Monday, May 20, 2013

No Hawk Necessary


Wonderland
Ace Atkins
Putnam Adult

by Kemper
4 out of 5 stars on a slot machine.

I recently saw some mystery writers including Ace Atkins and Megan Abbott at an event and signing in St. Louis and got one of my proudest moments when I met Atkins and mentioned that I liked the homage he’d done to True Grit in his first Spenser novel Lullaby.

“You know, you’re only like the third person I’ve talked to who picked up on that, and Megan Abbott there was one of the other ones,” Atkins told me.  This made me so  happy that I walked around with a big stupid grin on my face for the next week. Nothing like the current writer of one of your favorite characters telling you that you picked up on something that few others did to boost the old ego.

I don’t think that I’ve got any equally insightful observations about Wonderland so I guess I’ll just have to stick to a basic review.  Spenser’s old friend and former boxing mentor Henry Cimoli needs some help.  Someone is trying to buy out the tenants of his building and they’re using hired thugs to intimidate people into selling.  With Hawk out of town, Spenser relies on his protégé Zebulon Sixkill (a/k/a Z) to back him up.  When it turns out that someone is looking to buy Henry’s building as part of a larger scheme to bring a casino to Boston, Spenser and Z find themselves in the middle of a mess that involves gangsters, politicians and a Las Vegas gaming tycoon.

In the first Spenser novel that Atkins wrote after taking over for the late Robert B. Parker, he took the character back to basics and proved that he could write a compelling story that wasn’t imitation but rather a new phase that kept familiar elements.  In Wonderland, Atkins shows that he isn’t content to just keep Spenser in the same cocoon that RBP had put him in during the later years of his career.

One sign that Atkins isn’t playing it safe is that in only his second book on this series is how he strips away two of the main supporting characters for most of the book. Hawk is off on his own mysterious mission in Miami, and Susan spends a lot of the book out of town for work.  This means that Atkins has to make Spenser work without his trusty sidekick and with minimal conversations with his girlfriend.  Like many long-time Spenser fans, I believe that the less Susan, the better, but I still think that limiting their interactions was a brave choice because it means that Atkins deliberately put himself in a position where Spenser has to carry the book without two of the biggest RBP crutches.

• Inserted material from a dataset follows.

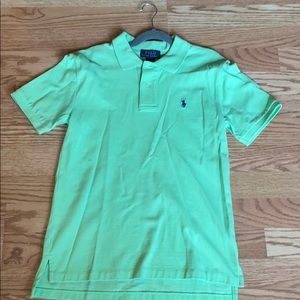 Polo by Ralph Lauren Polo boys Sz Medium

It also allows the development of the Z character that RBP had introduced in his final book.  Spenser took Z under his wing and the young man is showing a lot of potential as a tough guy detective, but he still has things to learn.  There’s a nice sub-plot with Z trying to deal with an incident where he feels he didn’t meet expectations, and his disappointment in himself threatens to undo the progress he’s made.

If there’s anything unsatisfying in the book, it’s that it almost seems like a set-up for future stories in some ways.  However, that’s not entirely a bad thing.  RBP had Spenser in such a state of stasis for so long that getting some plot that may carry over to another book is welcome at this point.  Plus, there's the potential for a future confrontation between Spenser and one of the other regular characters that is intriguing.

Ace Atkins shows again that he was the right writer for the job to continue the Spenser stories.